TASK INPUTS.
___
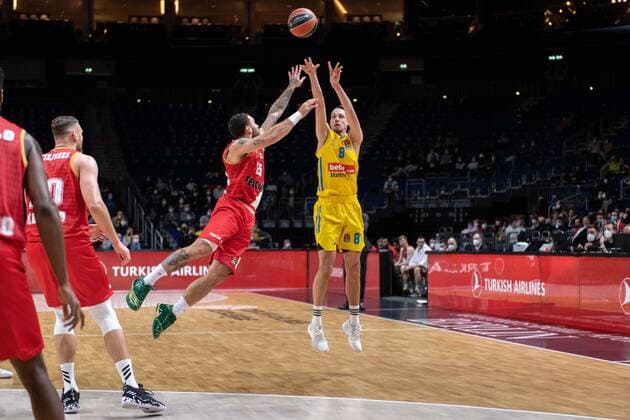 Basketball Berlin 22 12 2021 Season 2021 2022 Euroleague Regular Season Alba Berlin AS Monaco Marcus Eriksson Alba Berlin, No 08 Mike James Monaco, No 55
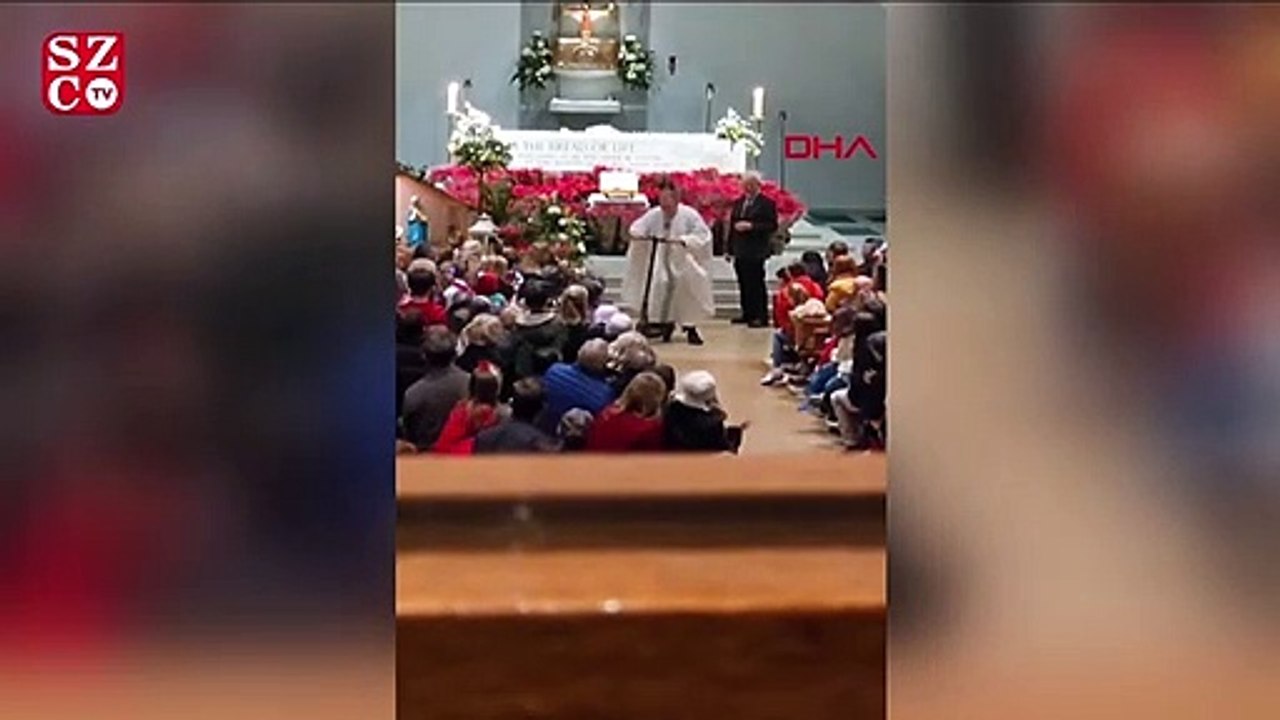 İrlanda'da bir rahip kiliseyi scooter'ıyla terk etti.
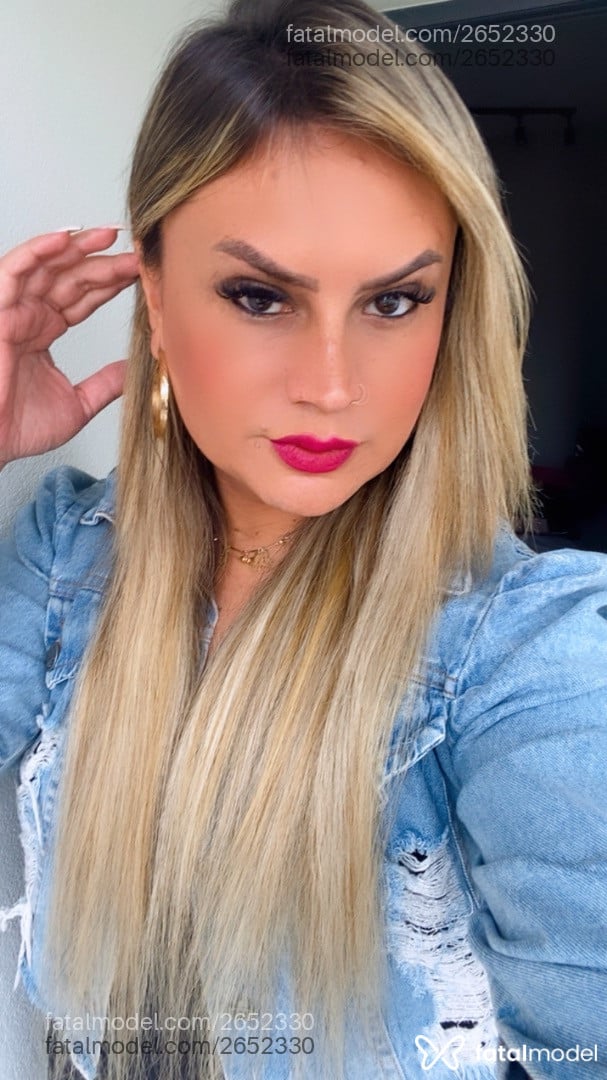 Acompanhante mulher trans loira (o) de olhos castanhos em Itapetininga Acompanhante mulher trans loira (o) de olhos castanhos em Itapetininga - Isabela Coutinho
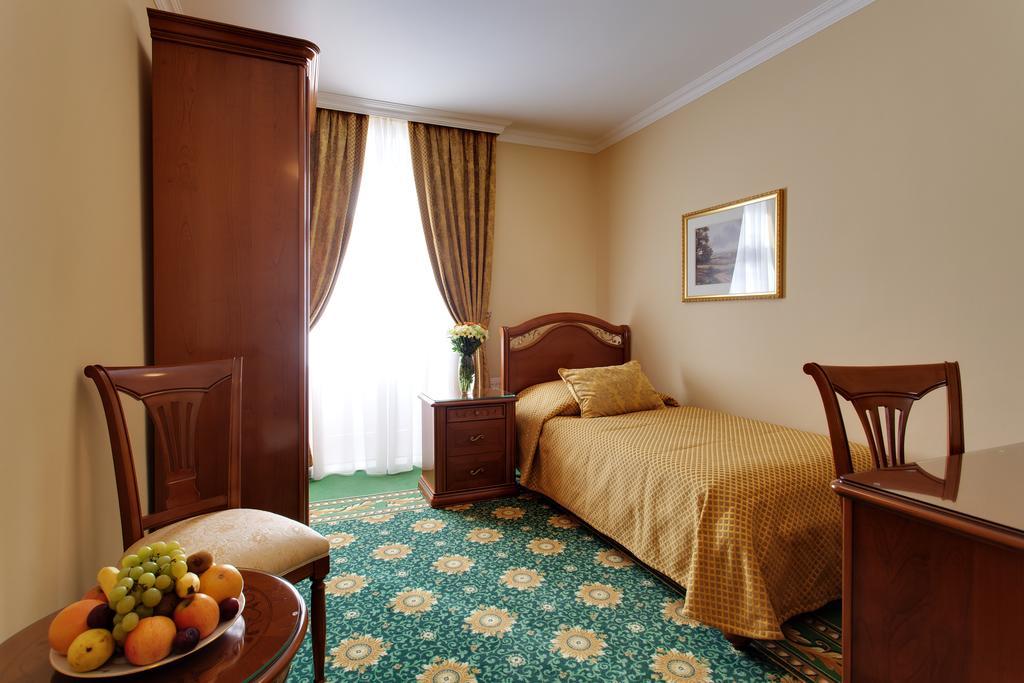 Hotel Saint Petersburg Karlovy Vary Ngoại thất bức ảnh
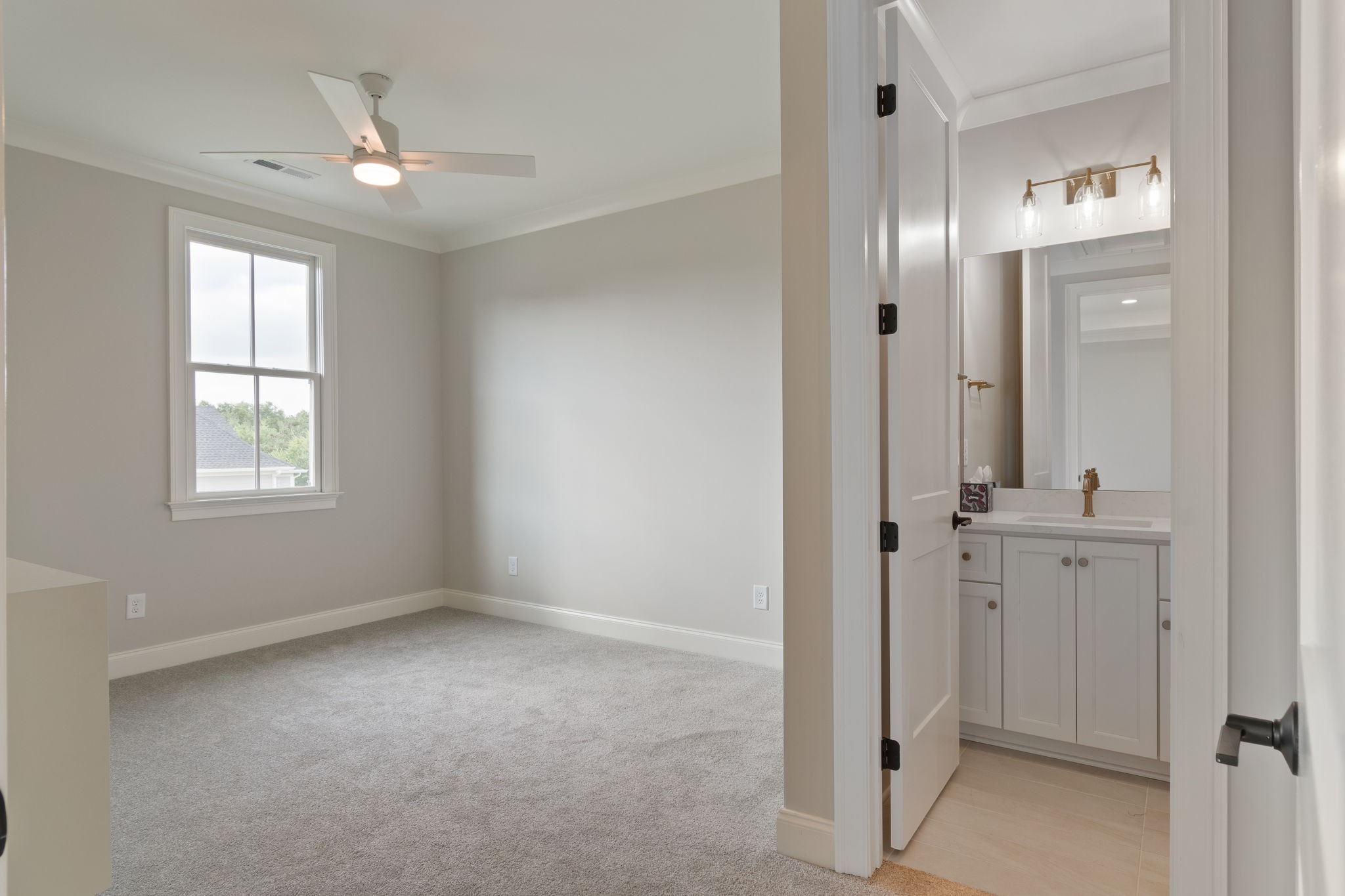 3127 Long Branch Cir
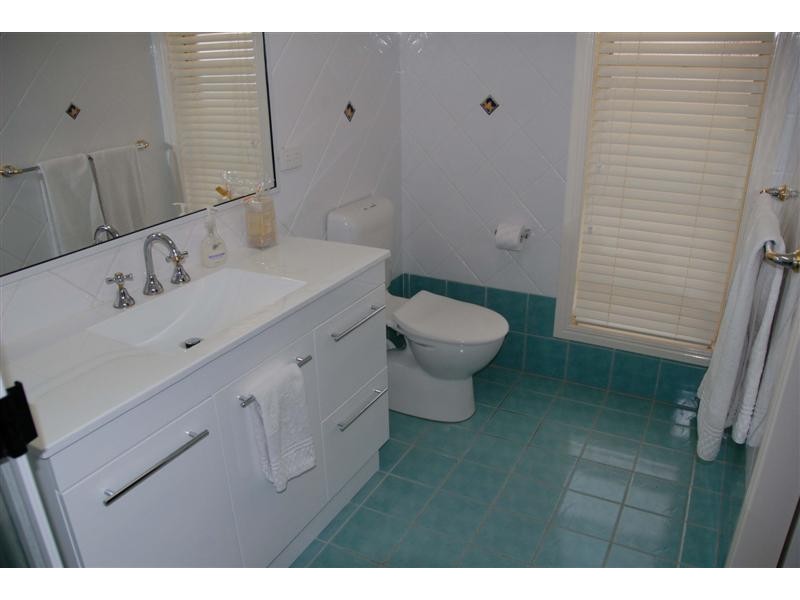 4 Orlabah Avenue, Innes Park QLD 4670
___
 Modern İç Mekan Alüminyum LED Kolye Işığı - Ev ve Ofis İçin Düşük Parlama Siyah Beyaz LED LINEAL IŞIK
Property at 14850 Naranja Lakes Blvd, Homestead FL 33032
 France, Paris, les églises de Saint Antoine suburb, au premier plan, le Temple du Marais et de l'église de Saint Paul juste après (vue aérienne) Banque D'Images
___
TASK ITEM.
Within the listing above, the lines starting at the one containing "Basketball Berlin 22" and ending at the one containing "4 Orlabah Avenue, Innes Park QLD 4670" are to be returned exactly. Omit the pictures.

FINISHED EXERCISE.
 Basketball Berlin 22 12 2021 Season 2021 2022 Euroleague Regular Season Alba Berlin AS Monaco Marcus Eriksson Alba Berlin, No 08 Mike James Monaco, No 55
 İrlanda'da bir rahip kiliseyi scooter'ıyla terk etti.
 Acompanhante mulher trans loira (o) de olhos castanhos em Itapetininga Acompanhante mulher trans loira (o) de olhos castanhos em Itapetininga - Isabela Coutinho
 Hotel Saint Petersburg Karlovy Vary Ngoại thất bức ảnh
 3127 Long Branch Cir
 4 Orlabah Avenue, Innes Park QLD 4670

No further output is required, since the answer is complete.